A parte inferior do carro, um espetáculo, sem quaisquer marcas de assoalho ralado, amassado (acredite é possível amassar um assoalho – já fiz isso) e com o “bate pedra” impecável (não tinha marcas como nas laterais!). Externamente, uma série de pequenos riscos e marcas do tempo, algo desagradável aos olhos mas que denota que o carro não foi repintado, dando margem a esconder algo mais sério.
O susto veio quando virei a chave e acenderam-se as luzes do painel: 88.746 km! Confesso que, na hora, senti um misto de arrepio (caramba, alta quilometragem para três anos de uso) e tristeza (estava tudo tão bom para ser verdade até ver essa quilometragem…). Depois de muito ponderar, abandonei o preconceito, segui a lógica (com um pouco de intuição) e comprei o carro num preço extremamente vantajoso (pedi 10% de desconto em função da…alta quilometragem!) e uma compra que passado um ano (isso ocorreu em outubro de 2017, precisamente no dia 14) vejo o quanto foi acertada: o carro está aí rodando uma média de 2.500km/mês e hoje está com 118 mil km rodados, com o motor esbanjando saúde.

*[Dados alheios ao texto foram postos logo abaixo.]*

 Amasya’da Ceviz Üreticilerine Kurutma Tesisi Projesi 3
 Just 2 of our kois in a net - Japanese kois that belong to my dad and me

Depois vim a descobrir que o carro havia pertencido a um proprietário de uma distribuidora de cimento e pequeno proprietário rural cuja propriedade fica à beira dos asfalto e que somente ele usou o carro, em grande parte do tempo, em estradas asfaltadas. Até as pastilhas de freio eram originais!

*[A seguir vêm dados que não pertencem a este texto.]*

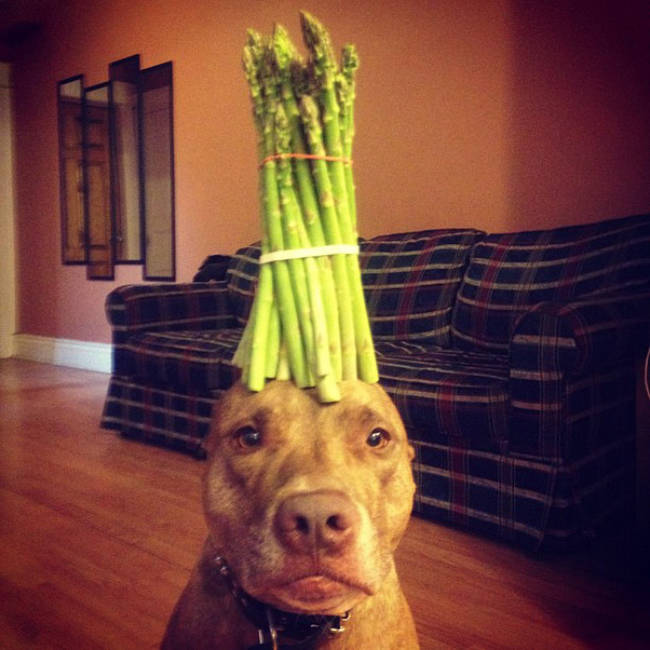 "What's that you say? If I let you put these vegetables on my head you will give me a treat? I'm cool with that."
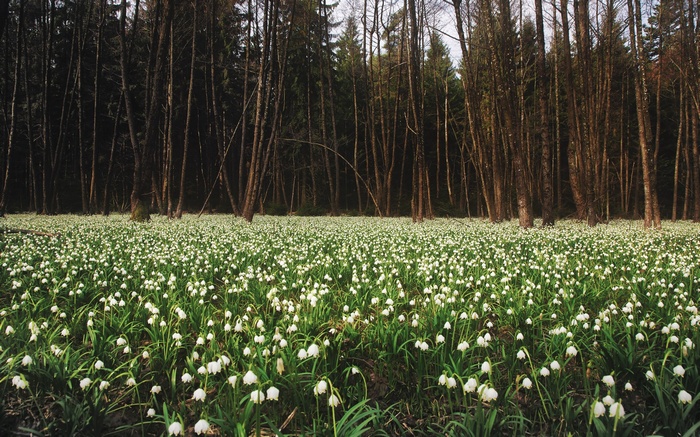 Field of white flowers in a forest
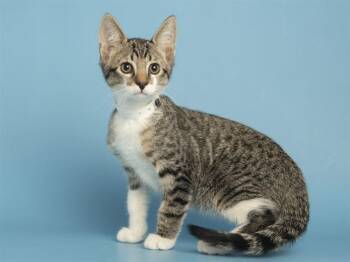 PASCAL -  Domestic Short Hair Cat Available for Adoption in Phoenix, Arizona - PASCAL | PetCurious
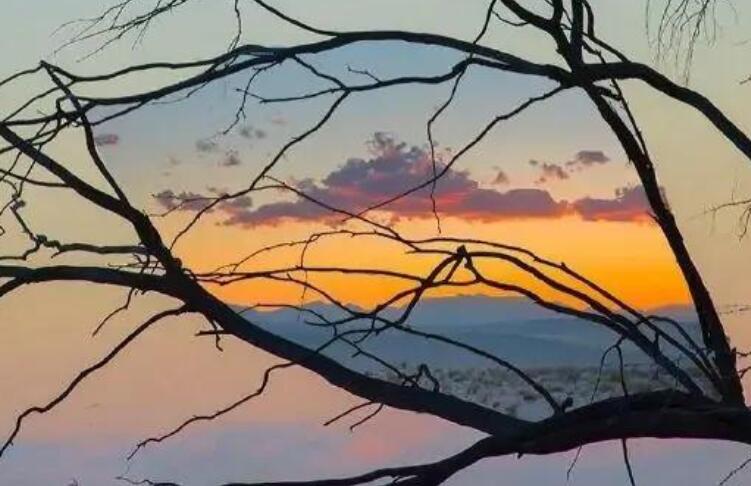 低调而不失奢华句子文案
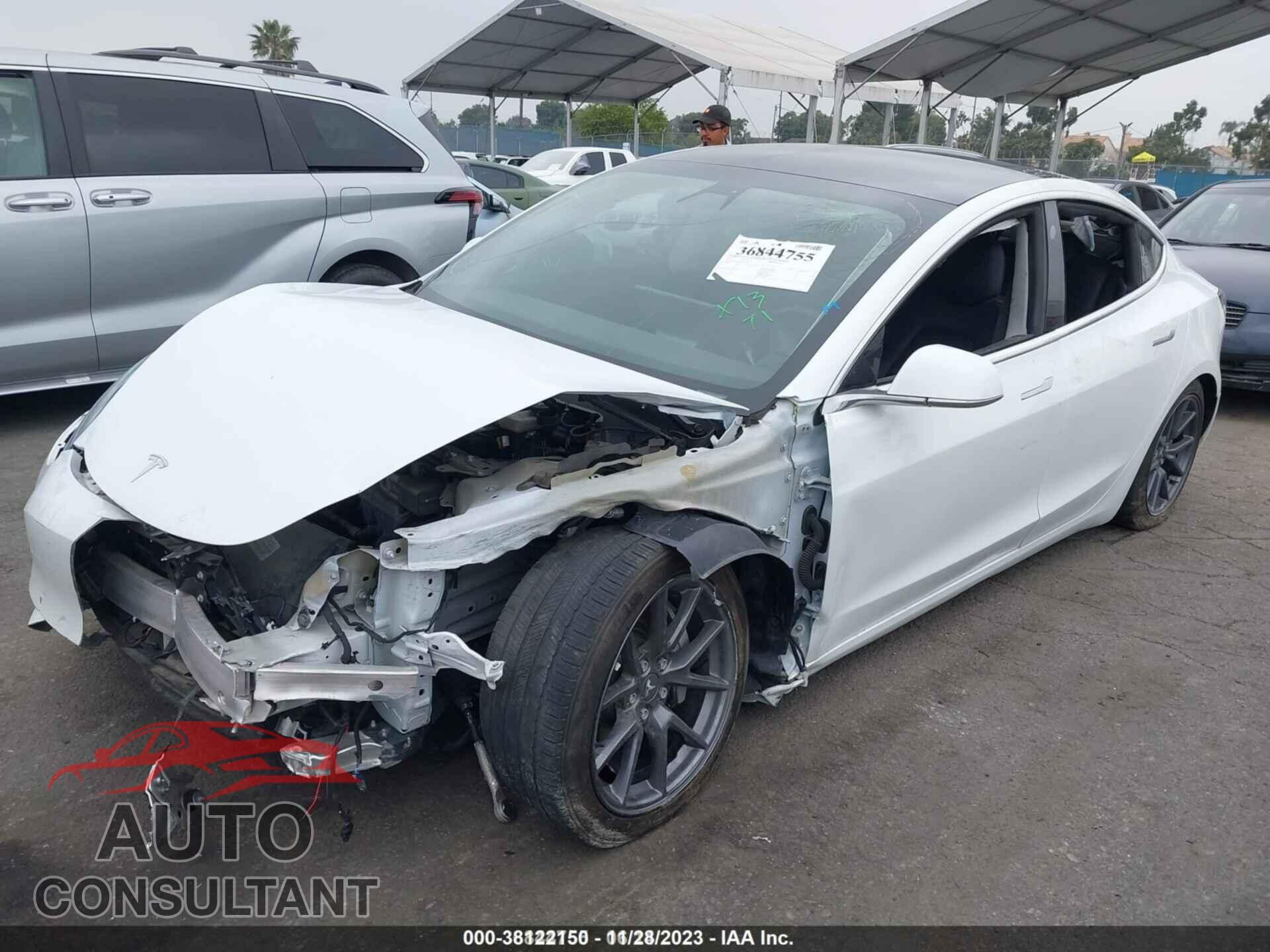 TESLA MODEL 3 2019 - 5YJ3E1EA3KF503967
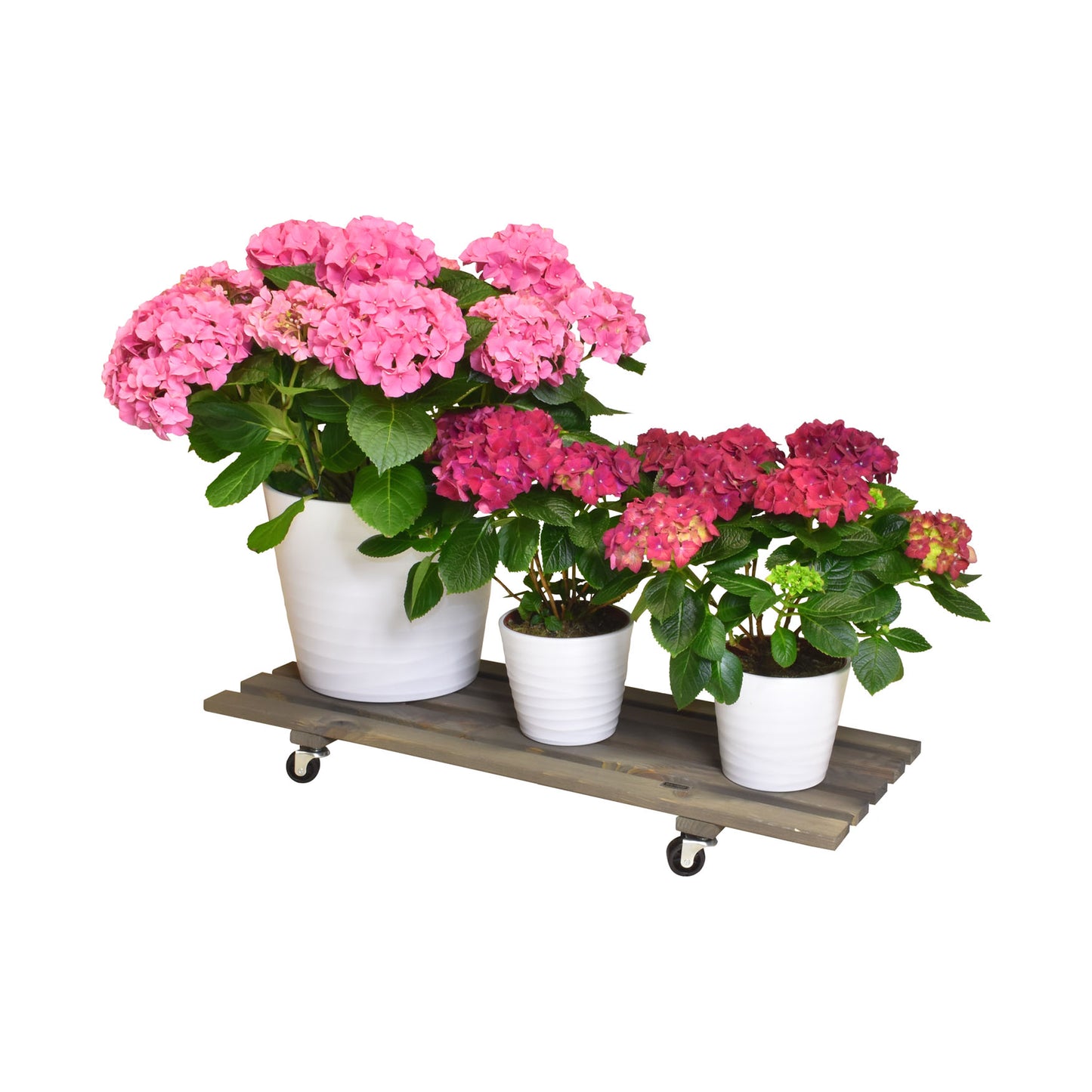 11.5" x 31" Gray Rectangle Wooden Plant Caddy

Neste um ano de uso procedi algumas manutenções corretivas dada a própria idade do carro, como a troca dos dois articuladores esféricos (pivôs) da suspensão, freios, todas as correias, embreagem, além de cabos de velas, velas e revisão no sistema de injeção. Entretanto o resto do conjunto permanece íntegro e tenho plena confiança no veículo para efetuar quaisquer viagens em quaisquer condições, e isso para mim é o mais importante em qualquer veiculo.
Num extremo quase que oposto, a Ford F-1000 4×4: adquirida com 14 anos de uso 150 mil quilômetros, em impecável estado de conservação, tinha um currículo quase que invejável: pertencera a um farmacêutico que a comprou para “poder ir pescar” e posteriormente vendida a um fazendeiro que viera a falecer poucos meses depois de sua compra, ficando o carro praticamente guardado durante cinco anos em virtude de inventário, rodando cerca de 2 mil quilômetros por ano (durante cinco anos!), o mínimo possível para garantir o funcionamento. Pois foi um pesadelo.
Dado o longo período de ficar guardada, estava com muitas borrachas ressecadas, incluindo ai partes plásticas do painel que se quebravam como vidro. O motor queimava bastante óleo pois, apesar de o MWM 4.10T ser um motor para mais de 800 mil quilômetros, esses motores diesel quando mal amaciados, tendem a apresentar desgaste no brunimento dos cilindros e, como resultado, maior consumo de óleo, e isso sem falar nos retentores de diferencial (estouraram todos quando o carro passou a ser usado) e cruzetas que acabaram por ficar com suas graxas ressecadas.
Dessa forma aquilo que um dia havia sido um sonho acabou se tornando uma fonte de dores de cabeça e aborrecimento, e acabei vendendo a caminhonete por puro desânimo em ficar correndo atrás de conserto.